Goodyear Tire & Rubber Co. rose more than 10% just after the 9:30 a.m. EDT open in New York. Manitowoc Co. gained 14%, Pandora Media Inc. climbed almost 11% and Level 3 Communications Inc. plunged 15% before the swings narrowed minutes later, according to data compiled by Bloomberg.
“All of a sudden, there was choppy trading and some stocks were halted,” Arthur Hogan, a strategist at Lazard Capital Markets LLC, said in a telephone interview. “People were scratching their heads, but it wasn’t a sense of panic. It was more curious. There’s got to be some human error here.”
Special curbs adopted after the May 2010 equity crash helped calm Wednesday’s volatility.
“An initial review by Knight indicates that a technology issue occurred in the company’s market-making unit related to the routing of shares of approximately 150 stocks to the NYSE,” according to a Knight e-mail from spokeswoman Kara Fitzsimmons.
“Knight notified its market-making clients this morning to route listed orders away,” according to the statement. “The company’s OTC securities and trading in its other businesses are not affected. The company continues to review internally.”
Knight’s market-making business traded a daily average of $19.5 billion worth of equities in June with volume of 3.1 billion shares, according to the company’s website.
The New York Stock Exchange said it was reviewing trades in 148 securities between 9:30 a.m. and 10:15 a.m. EDT, according to a statement on its website.
“At this time, we believe NYSE systems and circuit breakers operated normally during this period, and we are working with all market participants on the issue,” NYSE said in an e-mailed statement.
“As is our practice, we are closely monitoring the situation and in continuous contact with the NYSE and other market participants,” Kevin Callahan, an SEC spokesman, said in an e-mail.

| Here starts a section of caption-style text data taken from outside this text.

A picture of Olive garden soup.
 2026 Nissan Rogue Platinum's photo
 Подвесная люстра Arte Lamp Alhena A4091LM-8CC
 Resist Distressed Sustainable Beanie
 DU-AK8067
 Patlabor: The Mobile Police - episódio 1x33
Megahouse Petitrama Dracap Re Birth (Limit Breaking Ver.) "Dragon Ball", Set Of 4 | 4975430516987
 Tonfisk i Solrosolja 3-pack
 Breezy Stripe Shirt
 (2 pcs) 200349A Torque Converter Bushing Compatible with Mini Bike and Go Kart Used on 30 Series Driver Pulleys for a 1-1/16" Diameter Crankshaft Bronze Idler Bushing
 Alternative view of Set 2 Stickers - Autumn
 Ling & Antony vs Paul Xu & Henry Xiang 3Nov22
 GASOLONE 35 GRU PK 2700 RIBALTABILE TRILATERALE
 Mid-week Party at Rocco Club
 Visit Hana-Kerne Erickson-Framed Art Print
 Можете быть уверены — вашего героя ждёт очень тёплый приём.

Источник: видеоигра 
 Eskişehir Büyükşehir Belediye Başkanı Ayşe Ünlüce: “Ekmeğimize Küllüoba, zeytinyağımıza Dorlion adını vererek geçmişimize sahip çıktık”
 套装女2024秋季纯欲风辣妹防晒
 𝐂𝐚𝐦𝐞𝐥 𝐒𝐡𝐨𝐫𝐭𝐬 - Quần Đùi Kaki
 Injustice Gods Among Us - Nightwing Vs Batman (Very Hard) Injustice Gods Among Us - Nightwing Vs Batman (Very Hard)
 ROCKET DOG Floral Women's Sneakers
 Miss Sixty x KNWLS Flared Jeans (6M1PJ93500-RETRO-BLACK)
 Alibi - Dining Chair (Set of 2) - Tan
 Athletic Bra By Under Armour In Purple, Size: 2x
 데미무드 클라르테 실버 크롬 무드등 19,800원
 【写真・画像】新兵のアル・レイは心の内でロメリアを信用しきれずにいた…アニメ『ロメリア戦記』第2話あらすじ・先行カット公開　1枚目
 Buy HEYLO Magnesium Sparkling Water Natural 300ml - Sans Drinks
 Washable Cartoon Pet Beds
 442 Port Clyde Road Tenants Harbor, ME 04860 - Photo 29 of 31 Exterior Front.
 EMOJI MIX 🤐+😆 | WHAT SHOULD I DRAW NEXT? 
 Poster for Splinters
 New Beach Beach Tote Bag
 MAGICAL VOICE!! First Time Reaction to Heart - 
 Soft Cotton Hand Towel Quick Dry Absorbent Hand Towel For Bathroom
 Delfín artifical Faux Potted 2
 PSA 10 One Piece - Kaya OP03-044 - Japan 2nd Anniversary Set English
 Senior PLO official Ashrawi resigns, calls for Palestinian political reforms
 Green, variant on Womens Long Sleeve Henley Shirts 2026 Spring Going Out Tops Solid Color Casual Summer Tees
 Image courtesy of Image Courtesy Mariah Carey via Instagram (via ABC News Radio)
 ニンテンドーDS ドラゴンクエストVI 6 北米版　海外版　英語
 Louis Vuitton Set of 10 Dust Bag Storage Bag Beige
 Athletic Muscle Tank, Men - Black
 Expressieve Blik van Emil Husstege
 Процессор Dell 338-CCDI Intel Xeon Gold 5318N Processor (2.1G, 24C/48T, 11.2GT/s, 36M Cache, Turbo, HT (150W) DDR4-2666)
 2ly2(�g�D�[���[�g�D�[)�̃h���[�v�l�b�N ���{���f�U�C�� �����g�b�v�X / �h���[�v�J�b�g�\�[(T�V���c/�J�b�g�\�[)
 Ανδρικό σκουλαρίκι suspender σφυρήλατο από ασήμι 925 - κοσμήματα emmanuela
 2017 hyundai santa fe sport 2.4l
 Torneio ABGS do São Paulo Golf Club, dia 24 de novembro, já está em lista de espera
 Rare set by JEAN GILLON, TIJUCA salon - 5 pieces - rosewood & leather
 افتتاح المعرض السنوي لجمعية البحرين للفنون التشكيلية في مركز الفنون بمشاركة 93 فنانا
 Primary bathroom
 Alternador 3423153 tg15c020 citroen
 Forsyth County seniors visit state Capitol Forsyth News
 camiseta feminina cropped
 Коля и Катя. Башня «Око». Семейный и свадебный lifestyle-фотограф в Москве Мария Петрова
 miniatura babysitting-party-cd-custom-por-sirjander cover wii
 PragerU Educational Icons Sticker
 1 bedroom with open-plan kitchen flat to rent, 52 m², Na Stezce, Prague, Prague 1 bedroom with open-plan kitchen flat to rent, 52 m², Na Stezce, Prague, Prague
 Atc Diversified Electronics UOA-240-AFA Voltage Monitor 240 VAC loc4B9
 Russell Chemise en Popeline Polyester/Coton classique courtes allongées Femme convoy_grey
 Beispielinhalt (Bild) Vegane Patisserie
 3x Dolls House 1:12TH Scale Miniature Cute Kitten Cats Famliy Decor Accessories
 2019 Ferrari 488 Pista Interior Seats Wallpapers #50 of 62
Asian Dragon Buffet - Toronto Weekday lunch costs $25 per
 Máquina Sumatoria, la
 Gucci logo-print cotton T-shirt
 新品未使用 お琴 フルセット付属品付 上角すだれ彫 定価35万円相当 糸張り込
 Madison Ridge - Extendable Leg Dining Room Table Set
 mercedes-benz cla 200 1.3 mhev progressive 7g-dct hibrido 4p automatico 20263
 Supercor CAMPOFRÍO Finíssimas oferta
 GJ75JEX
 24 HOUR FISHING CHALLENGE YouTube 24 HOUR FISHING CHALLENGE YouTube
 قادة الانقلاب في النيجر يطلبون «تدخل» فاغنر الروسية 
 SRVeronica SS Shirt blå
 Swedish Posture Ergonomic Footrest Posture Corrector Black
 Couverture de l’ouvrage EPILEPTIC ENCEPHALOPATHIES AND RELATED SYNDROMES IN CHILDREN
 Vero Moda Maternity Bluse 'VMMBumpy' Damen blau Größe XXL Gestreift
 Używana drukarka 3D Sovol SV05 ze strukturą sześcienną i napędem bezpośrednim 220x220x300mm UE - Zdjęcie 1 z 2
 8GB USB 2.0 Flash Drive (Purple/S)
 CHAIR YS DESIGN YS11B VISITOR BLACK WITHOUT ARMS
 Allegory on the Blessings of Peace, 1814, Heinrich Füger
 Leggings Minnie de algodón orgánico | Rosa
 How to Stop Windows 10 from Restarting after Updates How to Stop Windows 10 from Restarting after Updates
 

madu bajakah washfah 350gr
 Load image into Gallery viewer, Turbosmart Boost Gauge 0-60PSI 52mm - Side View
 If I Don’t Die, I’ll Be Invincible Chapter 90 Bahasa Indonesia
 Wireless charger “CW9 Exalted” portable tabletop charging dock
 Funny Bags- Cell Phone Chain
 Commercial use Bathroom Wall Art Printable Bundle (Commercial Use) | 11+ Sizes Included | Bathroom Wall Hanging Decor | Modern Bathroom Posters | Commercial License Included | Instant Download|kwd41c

Investors in three of the biggest Dow stocks witnessed repeating fluctuations on July 19, fueling speculation the moves were a consequence of computerized trading. Shares of International Business Machines Corp., McDonald’s Corp. and Coca-Cola Co. swung between successive lows and highs in intervals that began near the top and bottom of each hour.
Regulators have increased scrutiny of computerized strategies that rose to prominence in the U.S. after more than a decade of market structure reform. The SEC and Commodity Futures Trading Commission blamed a broker’s algorithm for setting into motion the events that caused the May 6, 2010, market crash that briefly erased $862 billion from U.S. equities in less than 20 minutes.